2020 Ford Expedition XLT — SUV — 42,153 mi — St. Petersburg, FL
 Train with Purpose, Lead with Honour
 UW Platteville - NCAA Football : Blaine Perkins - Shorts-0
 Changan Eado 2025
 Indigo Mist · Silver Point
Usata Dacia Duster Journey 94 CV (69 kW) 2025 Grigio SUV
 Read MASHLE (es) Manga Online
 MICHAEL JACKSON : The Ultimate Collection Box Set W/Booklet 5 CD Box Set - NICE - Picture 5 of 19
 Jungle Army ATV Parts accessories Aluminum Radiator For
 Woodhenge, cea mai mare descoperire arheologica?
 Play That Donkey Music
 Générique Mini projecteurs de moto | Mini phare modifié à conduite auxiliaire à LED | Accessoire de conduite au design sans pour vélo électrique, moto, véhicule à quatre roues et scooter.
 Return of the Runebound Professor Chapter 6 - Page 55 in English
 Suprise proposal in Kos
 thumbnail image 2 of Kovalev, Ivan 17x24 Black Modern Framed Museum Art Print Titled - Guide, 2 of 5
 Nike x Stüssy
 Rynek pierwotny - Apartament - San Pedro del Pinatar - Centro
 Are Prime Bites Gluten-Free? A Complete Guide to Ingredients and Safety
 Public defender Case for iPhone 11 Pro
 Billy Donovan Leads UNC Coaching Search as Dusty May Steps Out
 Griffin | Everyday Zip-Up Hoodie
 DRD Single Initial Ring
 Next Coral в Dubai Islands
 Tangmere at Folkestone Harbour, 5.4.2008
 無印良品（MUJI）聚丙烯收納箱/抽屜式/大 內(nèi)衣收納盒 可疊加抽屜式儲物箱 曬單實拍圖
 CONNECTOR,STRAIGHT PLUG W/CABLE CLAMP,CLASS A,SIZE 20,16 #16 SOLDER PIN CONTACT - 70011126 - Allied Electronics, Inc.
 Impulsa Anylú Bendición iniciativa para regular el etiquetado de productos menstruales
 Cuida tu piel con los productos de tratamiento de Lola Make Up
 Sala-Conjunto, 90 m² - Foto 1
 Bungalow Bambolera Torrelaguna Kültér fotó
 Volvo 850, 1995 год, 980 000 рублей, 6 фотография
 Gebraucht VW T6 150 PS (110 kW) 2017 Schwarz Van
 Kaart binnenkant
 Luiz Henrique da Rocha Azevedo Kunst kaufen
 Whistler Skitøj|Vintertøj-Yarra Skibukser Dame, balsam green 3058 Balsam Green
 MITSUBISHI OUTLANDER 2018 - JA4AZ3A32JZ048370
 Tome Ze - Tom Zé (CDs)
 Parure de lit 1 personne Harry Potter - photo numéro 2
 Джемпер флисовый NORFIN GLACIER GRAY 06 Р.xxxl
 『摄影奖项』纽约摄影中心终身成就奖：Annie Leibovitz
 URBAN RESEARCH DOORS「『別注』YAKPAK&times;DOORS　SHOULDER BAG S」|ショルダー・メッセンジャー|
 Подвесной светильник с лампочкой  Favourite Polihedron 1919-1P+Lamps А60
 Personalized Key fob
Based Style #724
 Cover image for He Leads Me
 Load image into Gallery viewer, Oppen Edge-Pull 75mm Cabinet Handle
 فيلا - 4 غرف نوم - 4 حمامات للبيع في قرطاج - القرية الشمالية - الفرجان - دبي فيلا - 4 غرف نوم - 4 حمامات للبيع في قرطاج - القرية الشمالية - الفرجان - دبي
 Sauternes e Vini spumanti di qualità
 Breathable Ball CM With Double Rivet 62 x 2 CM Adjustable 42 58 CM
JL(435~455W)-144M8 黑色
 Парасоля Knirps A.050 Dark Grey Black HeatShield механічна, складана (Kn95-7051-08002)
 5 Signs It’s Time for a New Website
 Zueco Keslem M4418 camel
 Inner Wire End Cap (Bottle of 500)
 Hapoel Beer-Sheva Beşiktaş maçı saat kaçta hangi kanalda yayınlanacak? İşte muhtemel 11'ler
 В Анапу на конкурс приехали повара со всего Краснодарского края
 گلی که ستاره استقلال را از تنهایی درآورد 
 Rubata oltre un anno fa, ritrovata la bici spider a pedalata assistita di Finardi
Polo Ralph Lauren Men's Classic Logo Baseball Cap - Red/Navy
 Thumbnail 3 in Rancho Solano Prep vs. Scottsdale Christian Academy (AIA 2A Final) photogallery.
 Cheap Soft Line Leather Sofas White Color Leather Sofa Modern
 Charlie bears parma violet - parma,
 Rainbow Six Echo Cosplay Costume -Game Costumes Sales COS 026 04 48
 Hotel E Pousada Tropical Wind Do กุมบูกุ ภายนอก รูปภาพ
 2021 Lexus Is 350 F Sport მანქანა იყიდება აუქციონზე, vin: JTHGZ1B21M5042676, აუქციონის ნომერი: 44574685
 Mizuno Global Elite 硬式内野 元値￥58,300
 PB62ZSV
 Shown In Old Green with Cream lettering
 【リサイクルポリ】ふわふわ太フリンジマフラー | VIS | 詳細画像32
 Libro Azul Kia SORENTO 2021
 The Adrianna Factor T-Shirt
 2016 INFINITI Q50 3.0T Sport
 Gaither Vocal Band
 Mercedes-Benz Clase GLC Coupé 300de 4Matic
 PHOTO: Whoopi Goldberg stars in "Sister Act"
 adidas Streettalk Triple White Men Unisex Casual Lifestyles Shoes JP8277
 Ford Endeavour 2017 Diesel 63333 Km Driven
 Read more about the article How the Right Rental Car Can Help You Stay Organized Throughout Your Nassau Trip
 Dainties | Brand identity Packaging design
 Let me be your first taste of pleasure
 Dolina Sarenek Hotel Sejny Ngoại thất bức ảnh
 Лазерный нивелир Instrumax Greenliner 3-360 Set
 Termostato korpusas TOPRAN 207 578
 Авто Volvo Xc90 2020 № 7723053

• [HOW TO COMPLETE THIS TASK] You are asked to transcribe all of the data above exactly.

• [ANSWER TO THIS EXERCISE]
2020 Ford Expedition XLT — SUV — 42,153 mi — St. Petersburg, FL
 Train with Purpose, Lead with Honour
 UW Platteville - NCAA Football : Blaine Perkins - Shorts-0
 Changan Eado 2025
 Indigo Mist · Silver Point
Usata Dacia Duster Journey 94 CV (69 kW) 2025 Grigio SUV
 Read MASHLE (es) Manga Online
 MICHAEL JACKSON : The Ultimate Collection Box Set W/Booklet 5 CD Box Set - NICE - Picture 5 of 19
 Jungle Army ATV Parts accessories Aluminum Radiator For
 Woodhenge, cea mai mare descoperire arheologica?
 Play That Donkey Music
 Générique Mini projecteurs de moto | Mini phare modifié à conduite auxiliaire à LED | Accessoire de conduite au design sans pour vélo électrique, moto, véhicule à quatre roues et scooter.
 Return of the Runebound Professor Chapter 6 - Page 55 in English
 Suprise proposal in Kos
 thumbnail image 2 of Kovalev, Ivan 17x24 Black Modern Framed Museum Art Print Titled - Guide, 2 of 5
 Nike x Stüssy
 Rynek pierwotny - Apartament - San Pedro del Pinatar - Centro
 Are Prime Bites Gluten-Free? A Complete Guide to Ingredients and Safety
 Public defender Case for iPhone 11 Pro
 Billy Donovan Leads UNC Coaching Search as Dusty May Steps Out
 Griffin | Everyday Zip-Up Hoodie
 DRD Single Initial Ring
 Next Coral в Dubai Islands
 Tangmere at Folkestone Harbour, 5.4.2008
 無印良品（MUJI）聚丙烯收納箱/抽屜式/大 內(nèi)衣收納盒 可疊加抽屜式儲物箱 曬單實拍圖
 CONNECTOR,STRAIGHT PLUG W/CABLE CLAMP,CLASS A,SIZE 20,16 #16 SOLDER PIN CONTACT - 70011126 - Allied Electronics, Inc.
 Impulsa Anylú Bendición iniciativa para regular el etiquetado de productos menstruales
 Cuida tu piel con los productos de tratamiento de Lola Make Up
 Sala-Conjunto, 90 m² - Foto 1
 Bungalow Bambolera Torrelaguna Kültér fotó
 Volvo 850, 1995 год, 980 000 рублей, 6 фотография
 Gebraucht VW T6 150 PS (110 kW) 2017 Schwarz Van
 Kaart binnenkant
 Luiz Henrique da Rocha Azevedo Kunst kaufen
 Whistler Skitøj|Vintertøj-Yarra Skibukser Dame, balsam green 3058 Balsam Green
 MITSUBISHI OUTLANDER 2018 - JA4AZ3A32JZ048370
 Tome Ze - Tom Zé (CDs)
 Parure de lit 1 personne Harry Potter - photo numéro 2
 Джемпер флисовый NORFIN GLACIER GRAY 06 Р.xxxl
 『摄影奖项』纽约摄影中心终身成就奖：Annie Leibovitz
 URBAN RESEARCH DOORS「『別注』YAKPAK&times;DOORS　SHOULDER BAG S」|ショルダー・メッセンジャー|
 Подвесной светильник с лампочкой  Favourite Polihedron 1919-1P+Lamps А60
 Personalized Key fob
Based Style #724
 Cover image for He Leads Me
 Load image into Gallery viewer, Oppen Edge-Pull 75mm Cabinet Handle
 فيلا - 4 غرف نوم - 4 حمامات للبيع في قرطاج - القرية الشمالية - الفرجان - دبي فيلا - 4 غرف نوم - 4 حمامات للبيع في قرطاج - القرية الشمالية - الفرجان - دبي
 Sauternes e Vini spumanti di qualità
 Breathable Ball CM With Double Rivet 62 x 2 CM Adjustable 42 58 CM
JL(435~455W)-144M8 黑色
 Парасоля Knirps A.050 Dark Grey Black HeatShield механічна, складана (Kn95-7051-08002)
 5 Signs It’s Time for a New Website
 Zueco Keslem M4418 camel
 Inner Wire End Cap (Bottle of 500)
 Hapoel Beer-Sheva Beşiktaş maçı saat kaçta hangi kanalda yayınlanacak? İşte muhtemel 11'ler
 В Анапу на конкурс приехали повара со всего Краснодарского края
 گلی که ستاره استقلال را از تنهایی درآورد 
 Rubata oltre un anno fa, ritrovata la bici spider a pedalata assistita di Finardi
Polo Ralph Lauren Men's Classic Logo Baseball Cap - Red/Navy
 Thumbnail 3 in Rancho Solano Prep vs. Scottsdale Christian Academy (AIA 2A Final) photogallery.
 Cheap Soft Line Leather Sofas White Color Leather Sofa Modern
 Charlie bears parma violet - parma,
 Rainbow Six Echo Cosplay Costume -Game Costumes Sales COS 026 04 48
 Hotel E Pousada Tropical Wind Do กุมบูกุ ภายนอก รูปภาพ
 2021 Lexus Is 350 F Sport მანქანა იყიდება აუქციონზე, vin: JTHGZ1B21M5042676, აუქციონის ნომერი: 44574685
 Mizuno Global Elite 硬式内野 元値￥58,300
 PB62ZSV
 Shown In Old Green with Cream lettering
 【リサイクルポリ】ふわふわ太フリンジマフラー | VIS | 詳細画像32
 Libro Azul Kia SORENTO 2021
 The Adrianna Factor T-Shirt
 2016 INFINITI Q50 3.0T Sport
 Gaither Vocal Band
 Mercedes-Benz Clase GLC Coupé 300de 4Matic
 PHOTO: Whoopi Goldberg stars in "Sister Act"
 adidas Streettalk Triple White Men Unisex Casual Lifestyles Shoes JP8277
 Ford Endeavour 2017 Diesel 63333 Km Driven
 Read more about the article How the Right Rental Car Can Help You Stay Organized Throughout Your Nassau Trip
 Dainties | Brand identity Packaging design
 Let me be your first taste of pleasure
 Dolina Sarenek Hotel Sejny Ngoại thất bức ảnh
 Лазерный нивелир Instrumax Greenliner 3-360 Set
 Termostato korpusas TOPRAN 207 578
 Авто Volvo Xc90 2020 № 7723053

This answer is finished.